Pope. L: CAMPAIGN
Pope. L: CAMPAIGN
This book is a three-part report on the long-term collaboration between artist Pope.L and curator Dieter Roelstraete which revolves around issues of connectedness, home, and migration, while addressing art’s relationship to knowledge. Begun in spring 2016 with an invitation, extended to the artist by Roelstraete and his colleagues Monika Szewczyk and Adam Szymczyk, to participate in the fourteenth edition of documenta, Pope.L’s contribution took on the guise of an immersive, seemingly omnipresent sound installation titled Whispering Campaign, consisting of thousands of hours of whispered content—addressing nationhood and borders—broadcast throughout Athens and Kassel using both speakers and live “whisperers.”
A mere month after the closing of documenta 14 in Kassel, a second chapter of the titular campaign was inaugurated at the University of Chicago’s Logan Center for the Arts, revolving centrally around the exhibition and art intervention project Brown People Are the Wrens in the Parking Lot, curated by Yesomi Umolu—a complex, multifaceted enterprise that involved a more or less conventional art exhibit, a DIY media campaign, a thematic library, video interviews, and a series of events ranging from impromptu performances and DJ sets to an expansive program of talks, presentations, and debates. This campaign-cum-exhibition took place at a significant moment in US history dominated by debates over immigration, race, and the plight of the 99 percent—dominated, in a sense, by constant campaigning.

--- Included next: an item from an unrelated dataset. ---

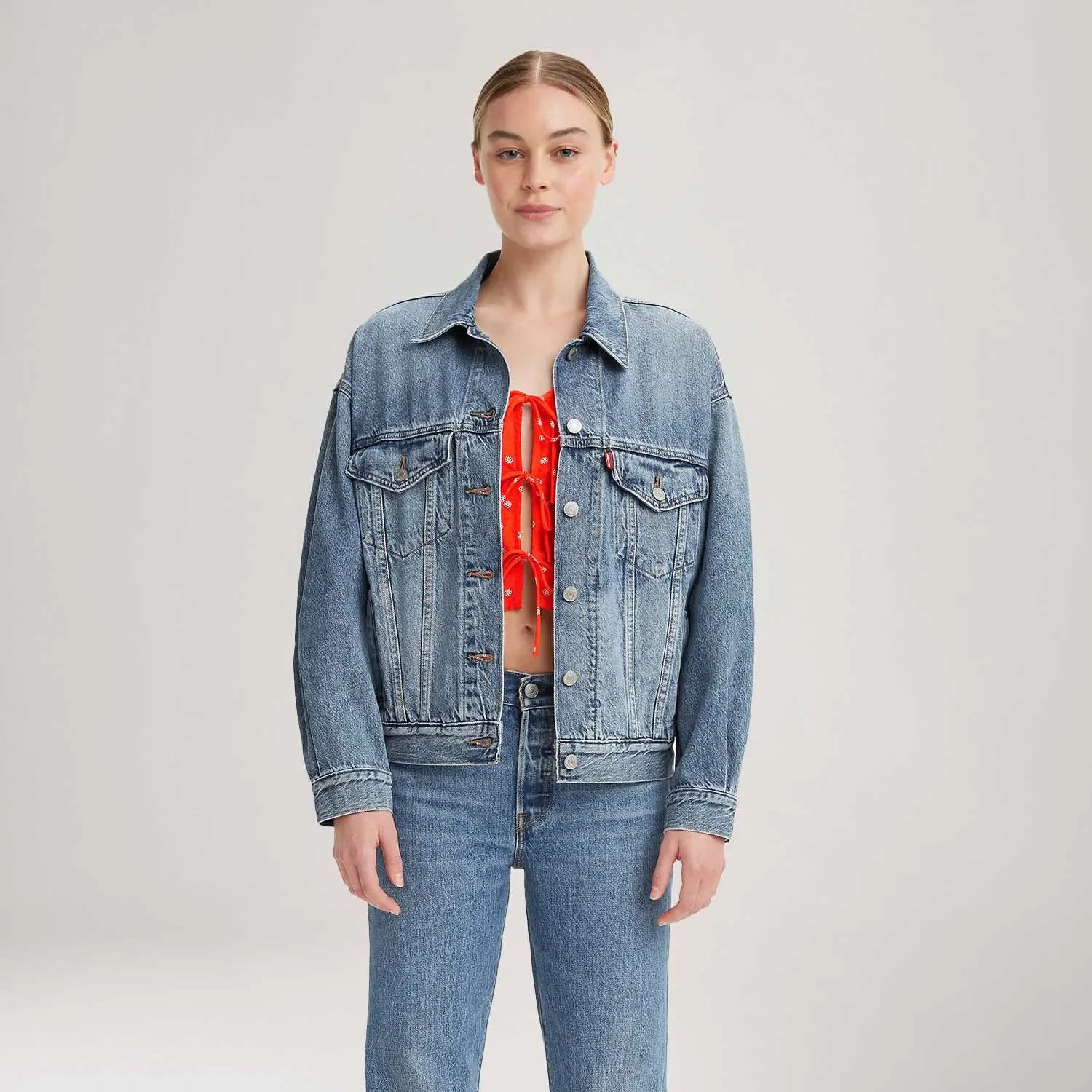 Jaqueta Jeans Levi's® 90S Trucker Lavagem Clara Com Desgaste — imagem 1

The third and final chapter of the artist’s campaign unfolded as a course co-taught at the University of Chicago by Pope.L and Roelstraete titled Art and Knowledge, which, in part at least, sought to address one of Whispering Campaign’s catchiest and most puzzling slogans—namely, “ignorance is a virtue.” The students who constituted this query’s primary audience were invited to contribute their observations and intuitions concerning art’s at times proudly tenuous relationship to knowledge, prompting all of us wonder whether “art and knowledge” should really be read as “art or knowledge.”